Neo-con'lar öfkeyle saldırıyor Türkiye'yi de yakından ilgilendiren ikinci konu İran'dı. Gerek Rice'ın söylediklerinden, gerekse yönetimin bu konudaki düşüncesini bilenlerden anlaşıldığı kadarıyla İran'a saldırı gündemde değil. Amerikan başkentinde bu konuda daha uzun vadeli bir plan tercih ediliyor. Önümüzdeki dönemin hedefi, İran'ın tecrit edilmişliğini artırarak, rejimi sıkıştırmak ve toplum içindeki muhalif güçlere destek vererek molla oligarşisini yıkmak. Yeni bütçede İran politikaları için ek 75 milyon dolar isteyen Rice, bu parayı radyo yayınları ve muhalefeti güçlendirmek üzere kullanacak. Amaçları arasında bir zamanlar iki yüz bin olan ABD'deki İranlı öğrenci sayısını çok üstüne çıkarmak da var. Irak Savaşı'ndan önceki dönemin aksine ABD, İran konusunda diplomatik açılımları ciddiye alıyor. Irak Savaşı'nın mimarları yenimuhafazakârlar kızgın. Bunlar insanı dehşete düşürecek bir kibirle sanki Irak'ta bir savaş olmamış, ABD'nin prestiji buradaki başarısızlık ve Ebu Gıreyb benzeri rezaletlerden dolayı hasar görmemişçesine saldırı istiyor. Anlaşıldığı kadarıyla Başkan'ın kendisi bile İran'a saldırının ertesi günü ülkesinin önüne çıkacak faturanın ödenemeyecek kadar yüksek olduğuna kâni. Petrol fiyatlarının patlamasından, dünya ölçeğinde terörist saldırıların artmasına kadar bir dizi olası sonuç ABD'yi bu kez dikkatli olmaya itiyor.

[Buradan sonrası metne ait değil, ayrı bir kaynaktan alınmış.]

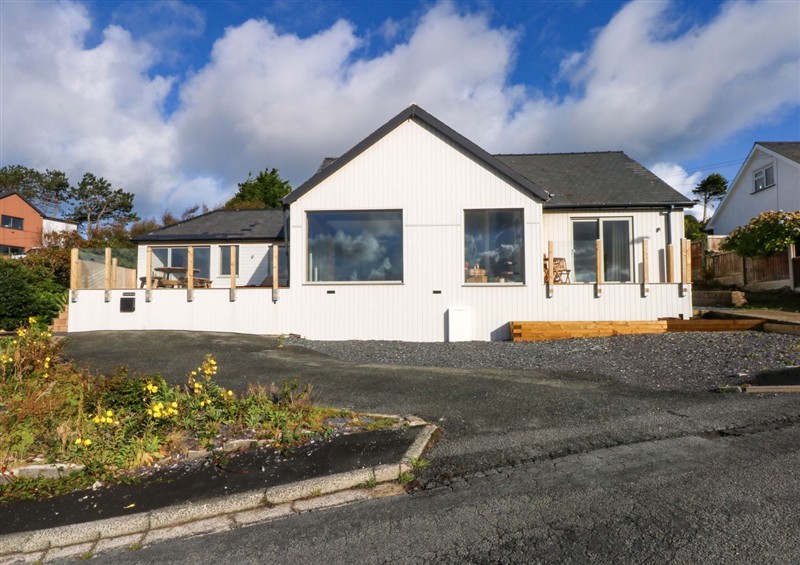 This is Gowan Brae (photo 3) at Gowan Brae, Criccieth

Türkiye ile kriz istemiyorlar Rusya, Çin ve Hindistan ise bu konuda verecekleri desteğin karşılığında ABD'den büyük ödünler koparma peşinde. Saldırı ihtimali daha ilerideki dönemde ve ancak İran'ın silah üretmesine ramak kaldığı sonucuna varılırsa gündeme gelecek. ABD'nin İran'la büyük bir stratejik pazarlığa oturarak belli bir mutabakata varması ihtimali ise yok denecek kadar zayıf görünüyor. Meşal'in Ankara ziyareti, buradaki gazetelerde yer bulmadı. Ancak Türkiye ile ilgilenen çevrelerde şok etkisi yaptığı ve ciddi bir rahatsızlığa yol açtığını söylemek mümkün. Açılımın yapılış şekli, neredeyse işin özünden fazla tepki topluyor. Hamas'a böyle bir meşruiyetin, hiçbir şey elde edilmeden verilmesi kabul edilmez bulunuyor. Hükümetin bölgede vazgeçilmez ve güçlü oyuncu olma sevdasının bazen izanını körelttiğini düşünüp, Türkiye'nin kredibilitesinin zedelendiğini söyleyenler var. Fakat ABD şu sıra Türkiye ile kriz istemiyor. Ulusal çıkarları değerlendirmeleri bu denli farklı iki ülkenin nasıl ortak hedeflere yönelik politika üretebileceği de sorgulanıyor. Kısacası, İran konusunda Türkiye en azından kısa vadede bir askeri harekat sıkıntısı duymayacak. Meşal ziyaretinin tüm sonuçlarını anlamak içinse aradan zaman geçmesini ve hükümetin attığı adımın gerisini nasıl getireceğini görmek gerekecek.